Uma lágrima escorreu pela face dele, o mesmo aconteceu com ela. Fernando precipitou-se para frente, fazendo com que, por reflexo, Talita desse um passo atrás. Segurou a larga cintura dela – não para prendê-la, mas para deixá-la mais confortável e segura. Lentamente aproximou seu rosto. E a cada centímetro de proximidade, admirava cada detalhe daquele rosto. Os olhos castanhos esbugalhados, levemente vermelhos que agora pareciam querer saltar para fora de suas órbitas; as fartas bochechas vermelhas como sangue; o ritmo de sua respiração que ficava cada vez mais frenético, assim como o dele.

A distância tornou-se ínfima, foi quando cerraram os olhos e deixaram seus lábios se tocarem levemente. Ela o abraçou o mais apaixonadamente que pôde. A mão dele segurou sua nuca e fez com que seus lábios se tocassem ainda mais. Ela abriu a boca suavemente e pôde sentir a língua dele entrando delicada. Fernando não era afoito, não queria viver o prazer intensamente, queria viver uma emoção verdadeira, e com ela sentia que era algo verdadeiro.

Beijaram-se por quase três minutos.

Afastaram os lábios, ainda de olhos fechados.
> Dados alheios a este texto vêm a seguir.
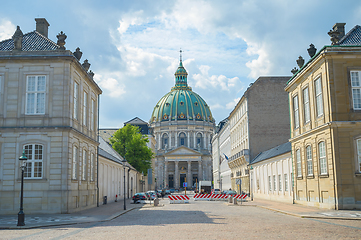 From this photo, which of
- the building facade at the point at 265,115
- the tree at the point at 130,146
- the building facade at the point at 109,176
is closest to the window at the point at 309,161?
the building facade at the point at 109,176

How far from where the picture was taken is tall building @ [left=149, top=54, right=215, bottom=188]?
5851 inches

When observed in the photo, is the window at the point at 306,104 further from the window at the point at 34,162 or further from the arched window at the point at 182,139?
the arched window at the point at 182,139

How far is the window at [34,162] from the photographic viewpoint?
2478 centimetres

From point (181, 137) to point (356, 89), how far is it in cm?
13816

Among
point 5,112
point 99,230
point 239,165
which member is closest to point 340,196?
point 99,230

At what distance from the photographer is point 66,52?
25953mm


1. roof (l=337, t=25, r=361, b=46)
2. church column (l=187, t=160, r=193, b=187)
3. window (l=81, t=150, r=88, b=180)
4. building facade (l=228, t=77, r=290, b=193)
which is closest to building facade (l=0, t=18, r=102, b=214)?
window (l=81, t=150, r=88, b=180)

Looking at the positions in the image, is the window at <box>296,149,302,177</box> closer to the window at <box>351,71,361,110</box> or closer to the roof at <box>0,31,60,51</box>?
the window at <box>351,71,361,110</box>

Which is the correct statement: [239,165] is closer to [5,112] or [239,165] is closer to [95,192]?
[95,192]

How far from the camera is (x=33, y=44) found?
27.3 metres

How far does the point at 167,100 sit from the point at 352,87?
481 ft

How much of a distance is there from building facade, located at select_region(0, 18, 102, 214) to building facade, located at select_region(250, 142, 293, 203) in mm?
18095

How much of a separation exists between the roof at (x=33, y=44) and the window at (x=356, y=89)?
18446mm

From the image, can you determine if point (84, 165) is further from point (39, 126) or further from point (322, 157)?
point (322, 157) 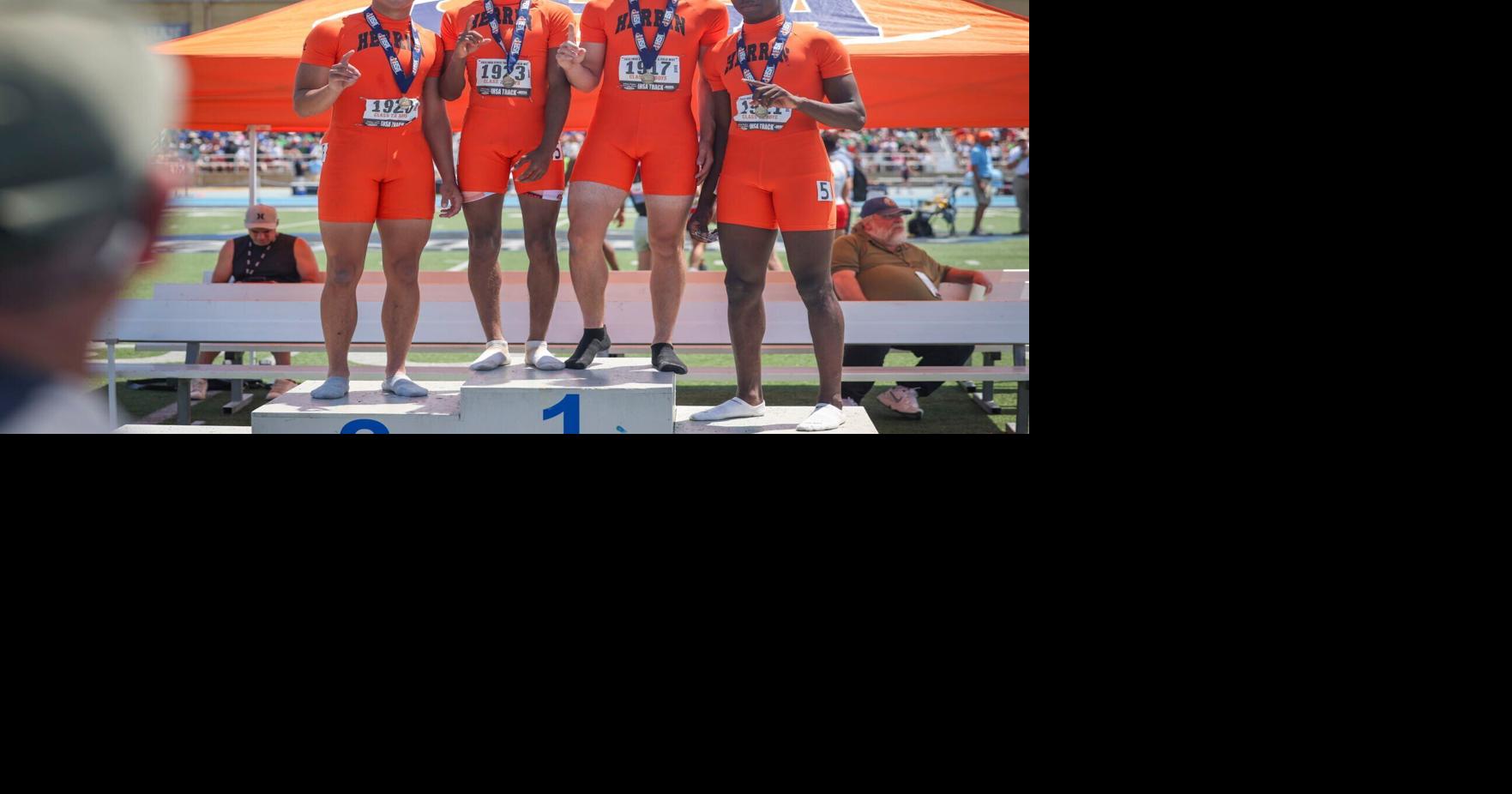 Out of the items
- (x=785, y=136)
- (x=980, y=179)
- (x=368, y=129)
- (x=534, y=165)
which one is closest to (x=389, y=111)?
(x=368, y=129)

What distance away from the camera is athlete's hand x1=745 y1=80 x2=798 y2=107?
4.16 meters

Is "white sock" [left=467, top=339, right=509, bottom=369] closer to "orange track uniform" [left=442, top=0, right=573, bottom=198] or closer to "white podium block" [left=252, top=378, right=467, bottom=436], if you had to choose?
"white podium block" [left=252, top=378, right=467, bottom=436]

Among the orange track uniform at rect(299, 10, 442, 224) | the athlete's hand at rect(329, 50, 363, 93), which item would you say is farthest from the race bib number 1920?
the athlete's hand at rect(329, 50, 363, 93)

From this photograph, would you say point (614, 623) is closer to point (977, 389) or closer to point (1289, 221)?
point (1289, 221)

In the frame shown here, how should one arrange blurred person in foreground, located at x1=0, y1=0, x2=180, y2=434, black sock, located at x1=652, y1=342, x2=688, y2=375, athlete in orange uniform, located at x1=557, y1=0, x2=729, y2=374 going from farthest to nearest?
1. black sock, located at x1=652, y1=342, x2=688, y2=375
2. athlete in orange uniform, located at x1=557, y1=0, x2=729, y2=374
3. blurred person in foreground, located at x1=0, y1=0, x2=180, y2=434

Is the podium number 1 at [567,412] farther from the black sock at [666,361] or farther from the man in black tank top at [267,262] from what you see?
the man in black tank top at [267,262]

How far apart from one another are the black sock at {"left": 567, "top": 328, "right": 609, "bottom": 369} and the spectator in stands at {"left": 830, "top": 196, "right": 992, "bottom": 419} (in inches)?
77.2

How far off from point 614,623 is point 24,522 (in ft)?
3.70

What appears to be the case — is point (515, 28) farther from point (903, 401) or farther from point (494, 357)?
point (903, 401)

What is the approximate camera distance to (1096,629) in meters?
2.74

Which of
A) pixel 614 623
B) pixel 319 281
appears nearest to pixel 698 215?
pixel 614 623

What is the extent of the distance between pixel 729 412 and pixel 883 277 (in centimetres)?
234

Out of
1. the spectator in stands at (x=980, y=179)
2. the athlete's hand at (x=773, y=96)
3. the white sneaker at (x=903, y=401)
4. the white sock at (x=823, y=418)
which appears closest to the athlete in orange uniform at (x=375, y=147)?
the athlete's hand at (x=773, y=96)

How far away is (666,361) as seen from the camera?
4844 millimetres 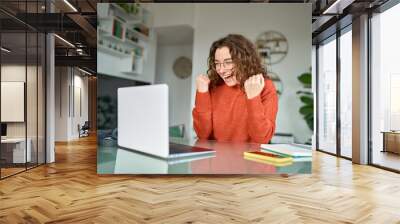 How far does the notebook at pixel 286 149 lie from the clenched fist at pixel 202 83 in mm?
1109

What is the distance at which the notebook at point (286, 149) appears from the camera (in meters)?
4.90

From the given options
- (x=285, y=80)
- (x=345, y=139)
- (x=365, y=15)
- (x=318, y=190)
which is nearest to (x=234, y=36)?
→ (x=285, y=80)

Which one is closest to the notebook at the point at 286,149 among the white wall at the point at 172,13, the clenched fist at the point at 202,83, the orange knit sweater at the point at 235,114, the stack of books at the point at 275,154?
the stack of books at the point at 275,154

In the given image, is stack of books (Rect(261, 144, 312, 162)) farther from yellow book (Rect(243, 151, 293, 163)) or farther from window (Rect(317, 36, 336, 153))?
window (Rect(317, 36, 336, 153))

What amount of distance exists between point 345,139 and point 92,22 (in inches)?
217

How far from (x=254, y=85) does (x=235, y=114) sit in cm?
48

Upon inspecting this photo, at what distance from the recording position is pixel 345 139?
7.40m

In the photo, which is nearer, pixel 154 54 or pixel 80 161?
pixel 154 54

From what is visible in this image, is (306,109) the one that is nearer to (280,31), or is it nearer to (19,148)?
(280,31)

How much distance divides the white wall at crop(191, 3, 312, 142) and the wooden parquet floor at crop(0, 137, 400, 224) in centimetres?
93

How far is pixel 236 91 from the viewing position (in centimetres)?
500

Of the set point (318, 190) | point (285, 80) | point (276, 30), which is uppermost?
point (276, 30)

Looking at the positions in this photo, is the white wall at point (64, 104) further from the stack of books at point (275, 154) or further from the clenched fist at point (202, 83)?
the stack of books at point (275, 154)

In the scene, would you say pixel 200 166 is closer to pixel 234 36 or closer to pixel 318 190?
pixel 318 190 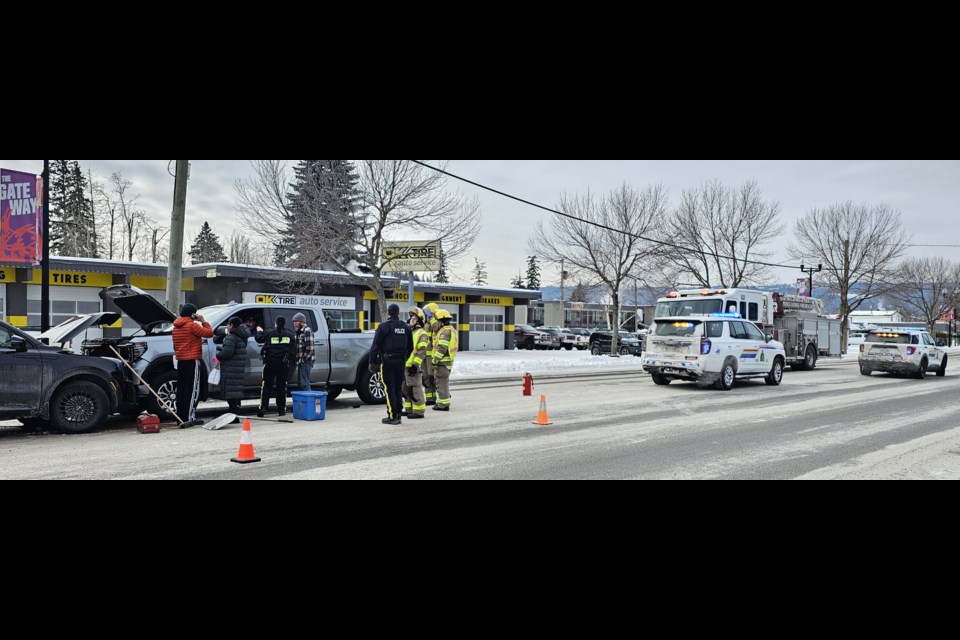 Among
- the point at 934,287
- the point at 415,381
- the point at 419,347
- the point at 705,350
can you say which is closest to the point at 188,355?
the point at 415,381

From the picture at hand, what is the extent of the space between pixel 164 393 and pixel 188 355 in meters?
0.92

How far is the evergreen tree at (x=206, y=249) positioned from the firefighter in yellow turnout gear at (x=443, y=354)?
60.5m

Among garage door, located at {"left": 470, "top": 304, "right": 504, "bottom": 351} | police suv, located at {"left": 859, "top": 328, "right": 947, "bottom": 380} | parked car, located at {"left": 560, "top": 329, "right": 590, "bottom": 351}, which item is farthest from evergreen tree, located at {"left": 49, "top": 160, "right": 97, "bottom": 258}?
police suv, located at {"left": 859, "top": 328, "right": 947, "bottom": 380}

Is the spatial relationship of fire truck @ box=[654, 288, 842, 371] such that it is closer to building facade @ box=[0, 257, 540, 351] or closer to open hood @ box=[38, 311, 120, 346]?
building facade @ box=[0, 257, 540, 351]

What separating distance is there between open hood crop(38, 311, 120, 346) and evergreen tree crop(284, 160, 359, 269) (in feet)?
48.0

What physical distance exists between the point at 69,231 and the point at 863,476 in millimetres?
59488

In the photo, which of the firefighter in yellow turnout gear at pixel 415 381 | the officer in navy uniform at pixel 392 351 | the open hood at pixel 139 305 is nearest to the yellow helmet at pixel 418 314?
the firefighter in yellow turnout gear at pixel 415 381

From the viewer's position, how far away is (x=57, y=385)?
9.81 m

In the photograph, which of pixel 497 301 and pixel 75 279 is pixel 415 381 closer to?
pixel 75 279

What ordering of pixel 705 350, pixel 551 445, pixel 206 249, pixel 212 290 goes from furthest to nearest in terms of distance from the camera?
pixel 206 249, pixel 212 290, pixel 705 350, pixel 551 445

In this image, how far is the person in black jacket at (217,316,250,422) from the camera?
11.0m

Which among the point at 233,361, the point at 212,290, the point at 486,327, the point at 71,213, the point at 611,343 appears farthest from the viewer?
the point at 71,213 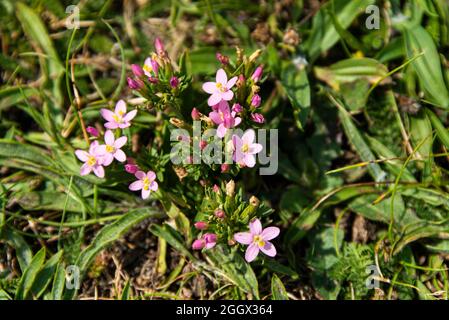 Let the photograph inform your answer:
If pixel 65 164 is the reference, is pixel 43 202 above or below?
below

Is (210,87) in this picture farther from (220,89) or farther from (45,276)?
(45,276)

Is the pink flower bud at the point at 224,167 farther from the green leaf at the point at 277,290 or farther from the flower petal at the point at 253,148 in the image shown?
the green leaf at the point at 277,290

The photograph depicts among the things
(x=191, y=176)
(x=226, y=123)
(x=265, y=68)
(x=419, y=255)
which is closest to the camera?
(x=226, y=123)

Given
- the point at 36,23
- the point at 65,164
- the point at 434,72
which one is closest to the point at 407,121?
the point at 434,72

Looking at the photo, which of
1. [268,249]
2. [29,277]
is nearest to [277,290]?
[268,249]

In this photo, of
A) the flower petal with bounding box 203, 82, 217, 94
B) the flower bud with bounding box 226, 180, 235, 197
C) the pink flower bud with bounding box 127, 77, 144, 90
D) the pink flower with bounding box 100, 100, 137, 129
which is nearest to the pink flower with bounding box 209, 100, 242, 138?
the flower petal with bounding box 203, 82, 217, 94

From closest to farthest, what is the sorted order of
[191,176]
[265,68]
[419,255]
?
[191,176] → [419,255] → [265,68] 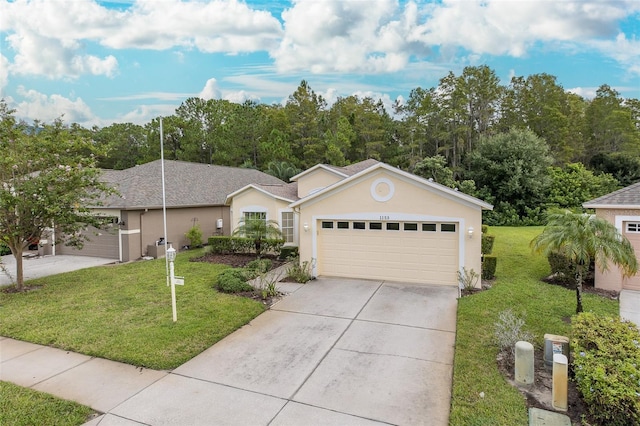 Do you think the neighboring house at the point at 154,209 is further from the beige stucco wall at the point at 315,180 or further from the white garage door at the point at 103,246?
the beige stucco wall at the point at 315,180

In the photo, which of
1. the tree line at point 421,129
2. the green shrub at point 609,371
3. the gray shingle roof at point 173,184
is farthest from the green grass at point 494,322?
the tree line at point 421,129

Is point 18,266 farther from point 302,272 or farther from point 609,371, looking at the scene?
point 609,371

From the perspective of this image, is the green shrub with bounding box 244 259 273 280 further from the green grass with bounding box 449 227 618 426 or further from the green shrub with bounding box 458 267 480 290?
the green grass with bounding box 449 227 618 426

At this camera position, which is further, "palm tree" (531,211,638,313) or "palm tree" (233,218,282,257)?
"palm tree" (233,218,282,257)

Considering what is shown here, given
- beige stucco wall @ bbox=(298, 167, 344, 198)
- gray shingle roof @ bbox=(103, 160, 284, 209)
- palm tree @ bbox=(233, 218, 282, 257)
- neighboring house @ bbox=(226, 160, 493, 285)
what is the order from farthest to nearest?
beige stucco wall @ bbox=(298, 167, 344, 198) → gray shingle roof @ bbox=(103, 160, 284, 209) → palm tree @ bbox=(233, 218, 282, 257) → neighboring house @ bbox=(226, 160, 493, 285)

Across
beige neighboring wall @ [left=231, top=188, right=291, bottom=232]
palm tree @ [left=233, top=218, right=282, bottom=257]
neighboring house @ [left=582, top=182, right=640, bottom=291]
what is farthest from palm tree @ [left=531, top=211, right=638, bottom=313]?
beige neighboring wall @ [left=231, top=188, right=291, bottom=232]

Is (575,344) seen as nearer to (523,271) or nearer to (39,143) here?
(523,271) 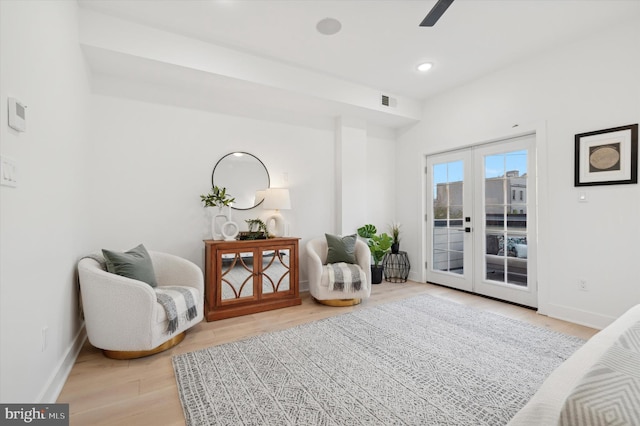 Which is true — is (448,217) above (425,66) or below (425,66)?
below

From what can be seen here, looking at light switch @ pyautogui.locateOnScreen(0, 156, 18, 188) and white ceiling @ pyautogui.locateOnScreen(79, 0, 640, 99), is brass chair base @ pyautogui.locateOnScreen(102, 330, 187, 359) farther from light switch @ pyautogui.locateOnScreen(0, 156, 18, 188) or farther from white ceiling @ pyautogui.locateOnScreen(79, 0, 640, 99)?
white ceiling @ pyautogui.locateOnScreen(79, 0, 640, 99)

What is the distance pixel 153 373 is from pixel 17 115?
68.2 inches

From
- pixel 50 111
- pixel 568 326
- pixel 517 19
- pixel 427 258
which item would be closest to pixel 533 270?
pixel 568 326

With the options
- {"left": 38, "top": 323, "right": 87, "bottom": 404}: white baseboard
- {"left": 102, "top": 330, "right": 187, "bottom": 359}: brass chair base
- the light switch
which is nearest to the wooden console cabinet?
{"left": 102, "top": 330, "right": 187, "bottom": 359}: brass chair base

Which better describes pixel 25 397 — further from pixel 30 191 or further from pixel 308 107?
pixel 308 107

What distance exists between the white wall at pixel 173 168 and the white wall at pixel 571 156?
8.41 feet

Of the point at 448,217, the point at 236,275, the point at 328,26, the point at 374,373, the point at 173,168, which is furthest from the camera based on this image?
the point at 448,217

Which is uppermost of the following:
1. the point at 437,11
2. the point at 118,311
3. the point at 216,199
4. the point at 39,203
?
the point at 437,11

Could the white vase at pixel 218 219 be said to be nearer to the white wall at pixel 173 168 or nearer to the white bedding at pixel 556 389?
the white wall at pixel 173 168

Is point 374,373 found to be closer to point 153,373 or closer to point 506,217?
point 153,373

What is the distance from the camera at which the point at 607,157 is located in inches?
106

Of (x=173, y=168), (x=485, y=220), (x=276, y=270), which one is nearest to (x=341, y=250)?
(x=276, y=270)

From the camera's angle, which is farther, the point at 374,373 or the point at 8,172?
the point at 374,373

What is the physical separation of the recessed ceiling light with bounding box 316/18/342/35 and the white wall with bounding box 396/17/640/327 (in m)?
2.17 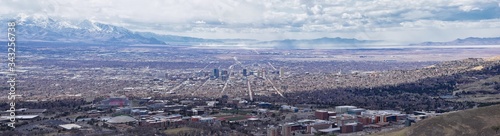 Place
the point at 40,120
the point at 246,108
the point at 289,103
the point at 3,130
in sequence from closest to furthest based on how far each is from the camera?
the point at 3,130
the point at 40,120
the point at 246,108
the point at 289,103

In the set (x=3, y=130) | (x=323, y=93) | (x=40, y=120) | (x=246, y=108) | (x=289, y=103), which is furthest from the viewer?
(x=323, y=93)

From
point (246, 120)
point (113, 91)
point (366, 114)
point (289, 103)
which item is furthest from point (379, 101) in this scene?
point (113, 91)

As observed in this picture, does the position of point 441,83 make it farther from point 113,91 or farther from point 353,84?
point 113,91

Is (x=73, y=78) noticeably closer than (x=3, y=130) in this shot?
No

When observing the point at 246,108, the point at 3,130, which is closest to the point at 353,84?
the point at 246,108

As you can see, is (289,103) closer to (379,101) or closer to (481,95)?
(379,101)

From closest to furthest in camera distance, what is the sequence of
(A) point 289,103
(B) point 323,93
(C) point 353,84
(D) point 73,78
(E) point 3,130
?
1. (E) point 3,130
2. (A) point 289,103
3. (B) point 323,93
4. (C) point 353,84
5. (D) point 73,78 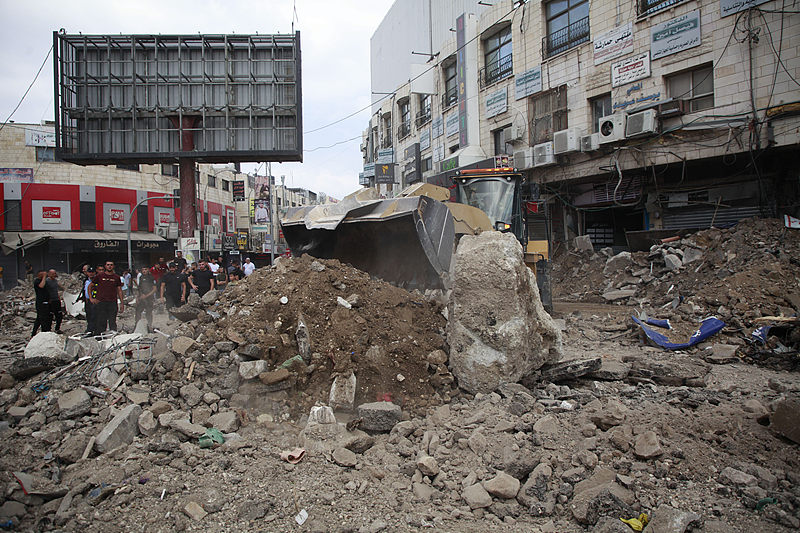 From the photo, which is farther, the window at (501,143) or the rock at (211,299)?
the window at (501,143)

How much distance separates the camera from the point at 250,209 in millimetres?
45312

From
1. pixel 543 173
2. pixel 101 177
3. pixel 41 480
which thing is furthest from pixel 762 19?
pixel 101 177

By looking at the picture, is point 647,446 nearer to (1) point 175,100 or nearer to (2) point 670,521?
(2) point 670,521

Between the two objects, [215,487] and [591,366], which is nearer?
[215,487]

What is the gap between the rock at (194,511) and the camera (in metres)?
3.07

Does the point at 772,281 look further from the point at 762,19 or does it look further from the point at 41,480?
the point at 41,480

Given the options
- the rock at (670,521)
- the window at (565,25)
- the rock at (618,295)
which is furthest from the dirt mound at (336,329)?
the window at (565,25)

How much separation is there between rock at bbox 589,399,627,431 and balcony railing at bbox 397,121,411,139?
25674mm

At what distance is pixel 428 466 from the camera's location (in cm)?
352

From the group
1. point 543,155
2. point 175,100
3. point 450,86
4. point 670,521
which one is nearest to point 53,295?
point 175,100

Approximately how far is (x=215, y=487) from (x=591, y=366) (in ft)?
13.0

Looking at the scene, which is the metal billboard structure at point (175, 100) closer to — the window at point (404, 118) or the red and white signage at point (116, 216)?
the window at point (404, 118)

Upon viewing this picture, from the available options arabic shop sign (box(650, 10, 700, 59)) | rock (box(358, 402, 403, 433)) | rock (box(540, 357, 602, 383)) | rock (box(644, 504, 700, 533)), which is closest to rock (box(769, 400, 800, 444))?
rock (box(644, 504, 700, 533))

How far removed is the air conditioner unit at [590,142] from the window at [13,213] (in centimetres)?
2967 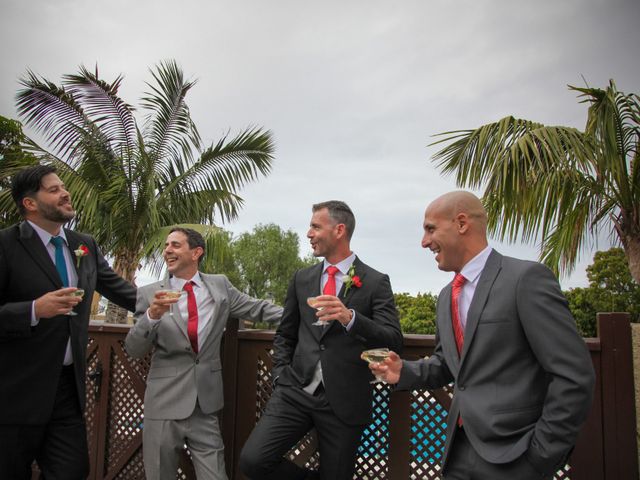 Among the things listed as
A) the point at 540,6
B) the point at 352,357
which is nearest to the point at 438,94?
the point at 540,6

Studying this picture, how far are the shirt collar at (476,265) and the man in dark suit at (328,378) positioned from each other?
2.73ft

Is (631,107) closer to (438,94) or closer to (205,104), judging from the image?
(438,94)

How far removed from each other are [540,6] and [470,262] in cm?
1234

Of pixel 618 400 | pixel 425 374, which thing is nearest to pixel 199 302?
pixel 425 374

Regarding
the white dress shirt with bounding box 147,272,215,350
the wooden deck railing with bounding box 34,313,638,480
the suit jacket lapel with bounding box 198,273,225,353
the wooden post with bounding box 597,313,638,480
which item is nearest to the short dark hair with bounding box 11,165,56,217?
the white dress shirt with bounding box 147,272,215,350

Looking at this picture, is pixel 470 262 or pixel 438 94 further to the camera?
pixel 438 94

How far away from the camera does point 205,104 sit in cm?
1658

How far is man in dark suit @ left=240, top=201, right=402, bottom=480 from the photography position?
3.21 metres

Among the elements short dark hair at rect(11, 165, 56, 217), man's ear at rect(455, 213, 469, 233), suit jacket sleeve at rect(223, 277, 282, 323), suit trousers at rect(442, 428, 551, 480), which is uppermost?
short dark hair at rect(11, 165, 56, 217)

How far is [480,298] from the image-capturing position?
2.30 metres

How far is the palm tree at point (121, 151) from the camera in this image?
14.3 meters

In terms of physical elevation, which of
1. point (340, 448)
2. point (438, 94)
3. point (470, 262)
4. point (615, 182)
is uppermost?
point (438, 94)

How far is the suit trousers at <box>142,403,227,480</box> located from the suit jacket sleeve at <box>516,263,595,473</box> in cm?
236

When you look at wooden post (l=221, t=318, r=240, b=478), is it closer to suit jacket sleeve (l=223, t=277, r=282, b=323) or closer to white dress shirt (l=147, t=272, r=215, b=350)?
suit jacket sleeve (l=223, t=277, r=282, b=323) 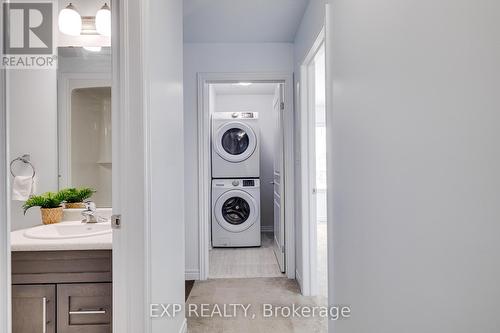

A seguir, seus corpos também se afastaram delicadamente. Seguravam-se as mãos. Ele abriu os olhos primeiros. Admirou os encantos dela. Ela, após um suspiro, abriu também. Sorriram. Fernando segurou as mãos dela ainda mais forte agora. Abraçaram-se e gargalharam. Aquele foi um dos momentos mais felizes de suas vidas.

- Espera! – disse ele – Preciso te perguntar uma coisa...

- Pergunte então... – disse ela com o sorriso estampado no rosto, mas no fundo tinha um quê de preocupação. O que ele iria perguntar? Rezava para não ser algo que estragasse aquele momento tão lindo.

Ele se ajoelhou e segurou sua mão direita com delicadeza.

- Talita Tabosa, — disse cortez – você aceita namorar comigo?

Ela sorriu. Seus olhos cintilaram e algumas lágrimas correram alegres pelo seu rosto. Ele não pôde contar a paixão ao vislumbrar aquele lindo rosto. Ela era a luz do seu dia. Sem ela, com certeza, sua vida seria mais escura e nublada. Talita era, definitivamente, sua estrela.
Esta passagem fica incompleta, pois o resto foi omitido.